Now originally GPUs were really "Graphics Processing Units", but actually they were just hardware that was good to do matrix operations. As it turns out, a lot of newer fields need hardware that does that, notably machine learning and bruteforcing such as bitcoin mining.

Parallelism vs Concurrency

I've been using the term "parallelism" for quite a while now and I think it's time we clear this out.

As every discussion involving definitions, there's a lot of discussion around this. Here's how I'll define these two:

Parallelism: Performing multiple tasks at the same time.
Concurrency: Decoupling tasks in a bigger task.

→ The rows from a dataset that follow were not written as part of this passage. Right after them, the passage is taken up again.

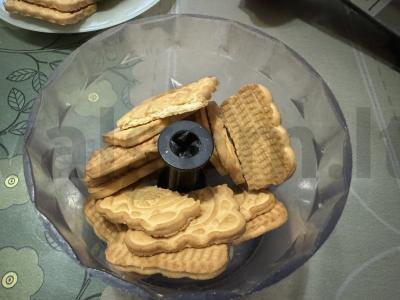 Sūrio pyragas su sūdyta karamele ir žemės riešutais Žingsnis 1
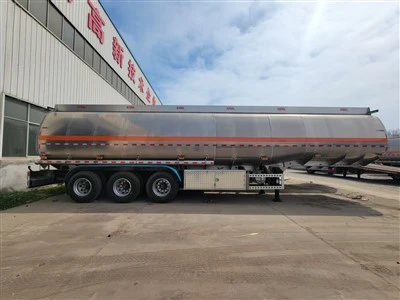 Aluminiowa cysterna na paliwo o pojemności 45000 litrów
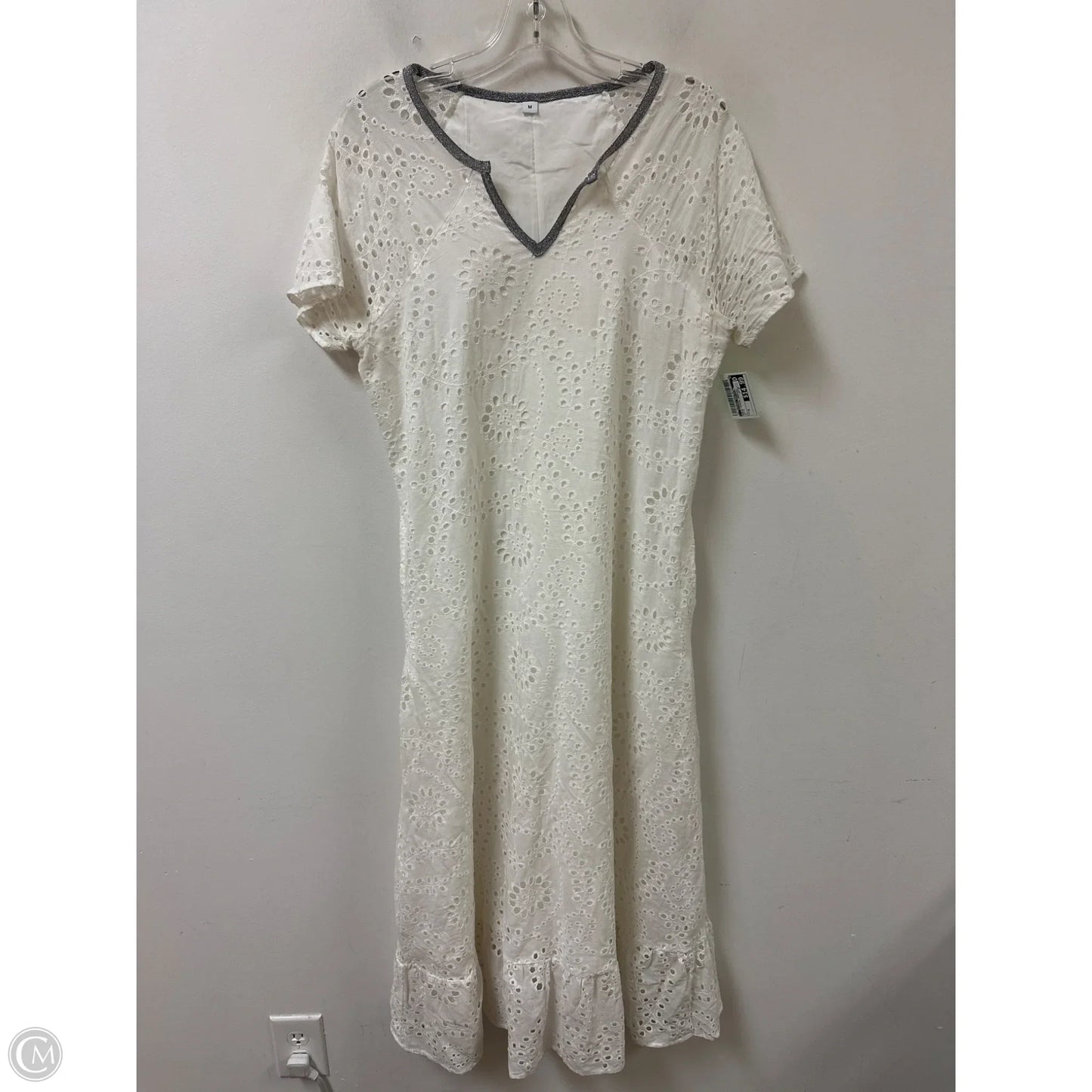 Dress Casual Maxi By Clothes Mentor In White, Size: M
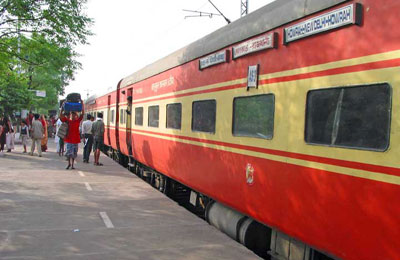 Rail Budget 2014: Disposable linen, automatic doors in premier trains planned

This means that a program can be concurrent (be divided on different threads, for example) and not run in parallel.

The best example I can think of is fetching data on a Hard Drive. This is one of the slowest tasks your computer does and, compared to other operations like adding two numbers, it's extremely slow. I mean 1000x slower.

When the CPU asks the Hard Drive for some data, it doesn't wait around until it receives the data. Instead, a concurrent program could context switch out of the CPU while the data isn't retrieved, allowing it to make 1000 other operations and, when the data is finally ready, it resumes execution of the original task. In this case, the Hard Drive data fetching and the other calculations are decoupled, making the execution concurrent.


What’s the Difference Between a CPU and a GPU? (Nvidia Blog)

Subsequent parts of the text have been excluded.